La primera lectura sucede durante una durísima persecución a mediados del siglo II a.C. El profeta tiene un sueño. Es una figura misteriosa, que parece humana, pero no es muy clara y viene del cielo entre nubes. Se acerca misteriosamente al Anciano venerable y el Anciano le da el “poder, honor y reino”. “Y todos los pueblos, naciones y lenguas lo sirvieron. Su poder es eterno, no cesará. Su reino no acabará”. El Anciano venerable representa a Dios Padre. La figura misteriosa como un hombre es el Mesías, que viene de los cielos, y a quien da el Padre todo el poder para salvar a todos los que crean en Él. Cuando Jesús responde a la preguntas de Caifás sobre su mesianidad, cita este texto. Él es el salvador prometido, el que abre el camino de salvación a todos los hombres, no sólo a los judíos, y mantiene su poder hasta el fin de los tiempos. Frente al pecado y la negación de Dios, Jesús es prometido como el salvador y la esperanza, que Dios va a enviar; su “venir de los cielos” sugiere su divinidad; y se asegura el ejercicio de su poder y su misión hasta el final de los tiempos.
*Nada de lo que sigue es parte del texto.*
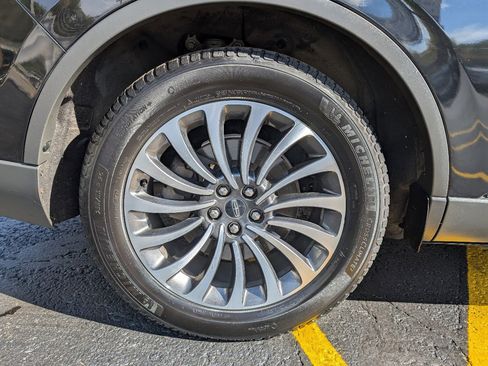 Used 2020 Lincoln Aviator Reserve w/ Equipment Group 201A image 9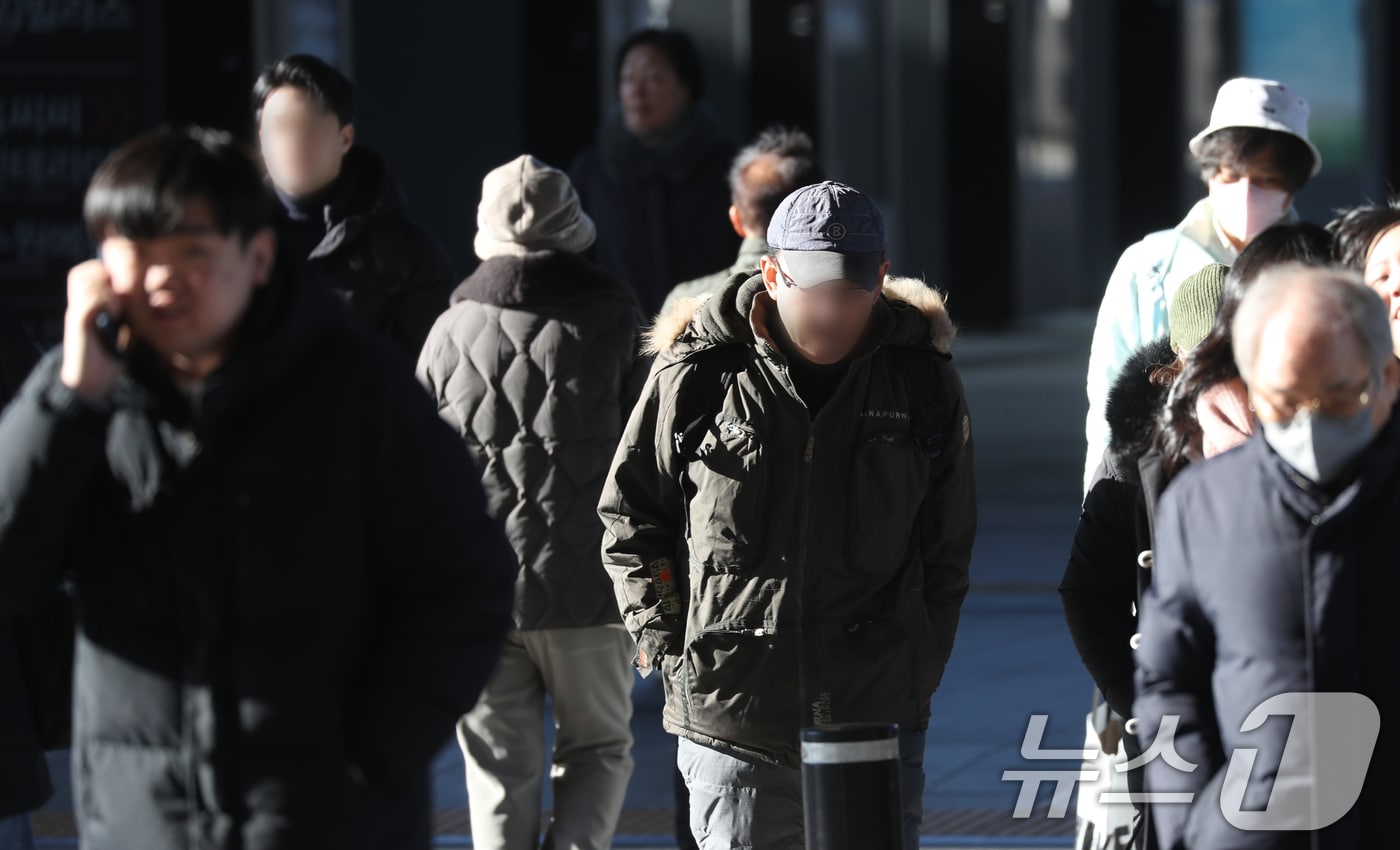 수도권 지역에 강추위가 이어진 18일 오전 경기 수원시 권선구 수원역환승센터에서 시민들이 두꺼운 외투를 입고 이동하고 있다. 2024.12.18/뉴스1 ⓒ News1 김영운 기자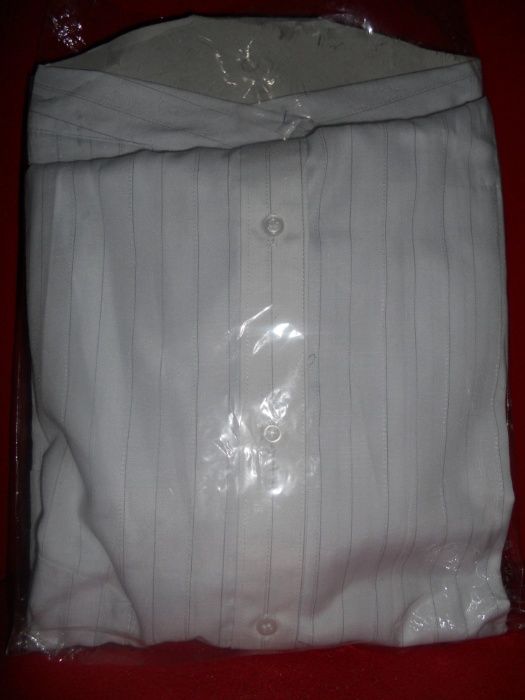 Cămașă marca Xinyan® nouă, sigilată, culoare albă, cu mânecă scurtă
La segunda lectura forma parte del comienzo del Apocalipsis. Recoge los apelativos que Juan da a Jesús en el saludo trinitario que dedica a los lectores. Les desea la gracia y la paz de parte de Dios Padre, de la plenitud del Espíritu (“los siete espíritus”) y de Jesucristo. Y a Jesucristo lo designa como “el testigo fiel, el primogénito de entre los muertos y el príncipe de los reyes de la tierra; el cual amó y nos ha librado de nuestros pecados por su sangre, nos ha convertido en un reino y hecho sacerdotes de Dios, su Padre”. Es una fórmula que incluye a Jesús formando la Trinidad junto al Padre y el Espíritu. Es decir que confiesa la divinidad de Cristo, al igual que el Padre y el Espíritu Santo. Confiesa también que Él es quien nos ha librado de nuestros pecados muriendo en la cruz y que esto se lo debemos y lo hizo por amor a nosotros. “Nos ha convertido en un reino”, uniéndonos a El por la fe y haciéndonos un nuevo pueblo, que lo tiene por cabeza y fuente de vida. “Y nos ha hecho sacerdotes de Dios , su Padre”, porque por el bautismo nos ha hecho partícipes de su vida y dignidad de Hijo de Dios y así también nosotros lo somos, consagrados para ofrecer a Dios el culto y reconocimiento de toda la creación.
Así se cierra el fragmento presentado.